Directions> Copy the data exactly from the line that contains "at Asda Boys'" through the line that contains "Joseph Ribkoff White", keeping both end lines and leaving out everything else.

###

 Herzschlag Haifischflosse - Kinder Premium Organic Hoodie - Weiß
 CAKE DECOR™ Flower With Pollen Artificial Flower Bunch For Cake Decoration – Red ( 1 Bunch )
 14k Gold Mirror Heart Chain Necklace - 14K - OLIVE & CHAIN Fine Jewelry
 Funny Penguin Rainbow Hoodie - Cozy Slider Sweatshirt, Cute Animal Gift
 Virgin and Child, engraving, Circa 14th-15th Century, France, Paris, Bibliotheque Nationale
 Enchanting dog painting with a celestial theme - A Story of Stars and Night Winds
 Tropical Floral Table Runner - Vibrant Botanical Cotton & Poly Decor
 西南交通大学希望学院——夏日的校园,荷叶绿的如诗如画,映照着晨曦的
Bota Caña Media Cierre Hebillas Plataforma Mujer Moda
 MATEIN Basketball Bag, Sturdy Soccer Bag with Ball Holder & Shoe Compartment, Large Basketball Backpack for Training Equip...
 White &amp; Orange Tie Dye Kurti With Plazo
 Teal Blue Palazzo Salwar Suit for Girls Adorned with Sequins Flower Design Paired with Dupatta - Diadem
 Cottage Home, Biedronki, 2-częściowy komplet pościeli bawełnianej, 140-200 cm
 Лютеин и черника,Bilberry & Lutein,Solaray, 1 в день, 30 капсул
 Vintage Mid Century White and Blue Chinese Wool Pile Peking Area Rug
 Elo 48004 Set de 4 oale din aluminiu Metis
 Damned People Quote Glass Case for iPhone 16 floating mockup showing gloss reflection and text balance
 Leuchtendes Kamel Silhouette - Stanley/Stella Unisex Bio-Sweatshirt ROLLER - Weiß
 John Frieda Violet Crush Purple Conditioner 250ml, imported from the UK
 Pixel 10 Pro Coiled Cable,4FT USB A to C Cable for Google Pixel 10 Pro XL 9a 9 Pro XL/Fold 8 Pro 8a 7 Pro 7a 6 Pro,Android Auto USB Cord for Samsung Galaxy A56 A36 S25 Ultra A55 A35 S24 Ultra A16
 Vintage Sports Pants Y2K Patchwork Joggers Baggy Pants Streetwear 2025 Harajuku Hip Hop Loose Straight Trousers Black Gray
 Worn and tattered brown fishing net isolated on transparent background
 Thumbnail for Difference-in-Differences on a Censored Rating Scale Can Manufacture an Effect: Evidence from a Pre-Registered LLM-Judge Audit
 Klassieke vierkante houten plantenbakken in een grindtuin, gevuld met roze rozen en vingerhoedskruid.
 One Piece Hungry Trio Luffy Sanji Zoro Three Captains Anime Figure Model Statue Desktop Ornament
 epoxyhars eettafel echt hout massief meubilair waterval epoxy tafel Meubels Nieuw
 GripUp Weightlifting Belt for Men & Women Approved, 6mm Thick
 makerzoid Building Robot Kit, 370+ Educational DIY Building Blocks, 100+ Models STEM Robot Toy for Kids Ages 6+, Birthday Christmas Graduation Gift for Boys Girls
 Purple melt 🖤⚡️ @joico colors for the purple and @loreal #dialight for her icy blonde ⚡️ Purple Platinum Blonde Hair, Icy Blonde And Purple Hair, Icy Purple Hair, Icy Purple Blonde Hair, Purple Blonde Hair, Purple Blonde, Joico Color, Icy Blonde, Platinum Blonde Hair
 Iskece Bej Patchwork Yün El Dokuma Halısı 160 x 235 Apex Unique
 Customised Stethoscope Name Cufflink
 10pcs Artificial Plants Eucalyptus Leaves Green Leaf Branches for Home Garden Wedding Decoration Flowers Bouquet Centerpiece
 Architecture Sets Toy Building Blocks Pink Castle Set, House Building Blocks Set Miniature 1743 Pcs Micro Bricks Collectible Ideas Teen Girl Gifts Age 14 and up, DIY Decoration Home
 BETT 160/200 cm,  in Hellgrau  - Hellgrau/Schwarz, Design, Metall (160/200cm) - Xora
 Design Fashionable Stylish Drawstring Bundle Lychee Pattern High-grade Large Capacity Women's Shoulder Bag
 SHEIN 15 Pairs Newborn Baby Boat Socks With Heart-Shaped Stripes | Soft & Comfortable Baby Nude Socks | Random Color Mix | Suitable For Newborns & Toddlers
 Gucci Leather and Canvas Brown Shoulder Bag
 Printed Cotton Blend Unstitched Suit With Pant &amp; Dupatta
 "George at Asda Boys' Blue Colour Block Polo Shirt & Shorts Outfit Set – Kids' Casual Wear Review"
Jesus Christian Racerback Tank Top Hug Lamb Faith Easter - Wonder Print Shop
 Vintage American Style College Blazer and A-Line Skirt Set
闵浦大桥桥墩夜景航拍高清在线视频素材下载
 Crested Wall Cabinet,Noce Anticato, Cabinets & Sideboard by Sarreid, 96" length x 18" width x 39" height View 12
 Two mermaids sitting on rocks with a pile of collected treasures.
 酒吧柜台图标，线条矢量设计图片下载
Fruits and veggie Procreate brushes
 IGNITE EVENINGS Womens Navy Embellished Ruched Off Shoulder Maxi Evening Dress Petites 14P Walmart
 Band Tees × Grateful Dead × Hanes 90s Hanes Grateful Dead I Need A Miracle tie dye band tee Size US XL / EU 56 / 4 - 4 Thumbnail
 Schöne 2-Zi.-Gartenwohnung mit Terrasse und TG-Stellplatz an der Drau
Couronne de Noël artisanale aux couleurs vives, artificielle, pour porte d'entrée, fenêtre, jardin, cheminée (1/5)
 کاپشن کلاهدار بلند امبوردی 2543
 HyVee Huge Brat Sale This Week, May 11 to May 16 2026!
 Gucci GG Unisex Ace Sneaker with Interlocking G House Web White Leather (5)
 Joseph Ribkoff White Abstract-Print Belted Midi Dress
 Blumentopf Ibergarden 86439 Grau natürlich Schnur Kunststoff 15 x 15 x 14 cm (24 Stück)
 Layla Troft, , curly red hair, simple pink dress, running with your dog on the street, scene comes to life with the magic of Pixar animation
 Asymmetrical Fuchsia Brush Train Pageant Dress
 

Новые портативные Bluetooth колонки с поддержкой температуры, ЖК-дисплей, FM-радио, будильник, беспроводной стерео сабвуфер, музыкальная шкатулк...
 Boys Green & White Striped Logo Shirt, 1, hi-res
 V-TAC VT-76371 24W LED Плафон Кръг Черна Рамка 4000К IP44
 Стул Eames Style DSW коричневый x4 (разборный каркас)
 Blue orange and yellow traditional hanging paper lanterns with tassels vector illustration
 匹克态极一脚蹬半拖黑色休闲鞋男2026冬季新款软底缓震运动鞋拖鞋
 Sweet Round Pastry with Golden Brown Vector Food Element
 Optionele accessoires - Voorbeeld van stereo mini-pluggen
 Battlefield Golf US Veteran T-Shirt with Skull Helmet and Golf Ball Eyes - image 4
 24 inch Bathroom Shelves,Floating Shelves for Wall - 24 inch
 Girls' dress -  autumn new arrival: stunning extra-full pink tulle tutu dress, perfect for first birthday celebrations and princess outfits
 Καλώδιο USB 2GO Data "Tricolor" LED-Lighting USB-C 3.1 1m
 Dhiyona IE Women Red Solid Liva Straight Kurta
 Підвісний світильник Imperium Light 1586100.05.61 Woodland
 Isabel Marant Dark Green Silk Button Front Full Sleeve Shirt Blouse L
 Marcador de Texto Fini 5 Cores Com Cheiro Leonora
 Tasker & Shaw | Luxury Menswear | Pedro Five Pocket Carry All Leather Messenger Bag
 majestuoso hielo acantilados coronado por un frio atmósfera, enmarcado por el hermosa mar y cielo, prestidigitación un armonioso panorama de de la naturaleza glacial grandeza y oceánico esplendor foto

###

Output>
 "George at Asda Boys' Blue Colour Block Polo Shirt & Shorts Outfit Set – Kids' Casual Wear Review"
Jesus Christian Racerback Tank Top Hug Lamb Faith Easter - Wonder Print Shop
 Vintage American Style College Blazer and A-Line Skirt Set
闵浦大桥桥墩夜景航拍高清在线视频素材下载
 Crested Wall Cabinet,Noce Anticato, Cabinets & Sideboard by Sarreid, 96" length x 18" width x 39" height View 12
 Two mermaids sitting on rocks with a pile of collected treasures.
 酒吧柜台图标，线条矢量设计图片下载
Fruits and veggie Procreate brushes
 IGNITE EVENINGS Womens Navy Embellished Ruched Off Shoulder Maxi Evening Dress Petites 14P Walmart
 Band Tees × Grateful Dead × Hanes 90s Hanes Grateful Dead I Need A Miracle tie dye band tee Size US XL / EU 56 / 4 - 4 Thumbnail
 Schöne 2-Zi.-Gartenwohnung mit Terrasse und TG-Stellplatz an der Drau
Couronne de Noël artisanale aux couleurs vives, artificielle, pour porte d'entrée, fenêtre, jardin, cheminée (1/5)
 کاپشن کلاهدار بلند امبوردی 2543
 HyVee Huge Brat Sale This Week, May 11 to May 16 2026!
 Gucci GG Unisex Ace Sneaker with Interlocking G House Web White Leather (5)
 Joseph Ribkoff White Abstract-Print Belted Midi Dress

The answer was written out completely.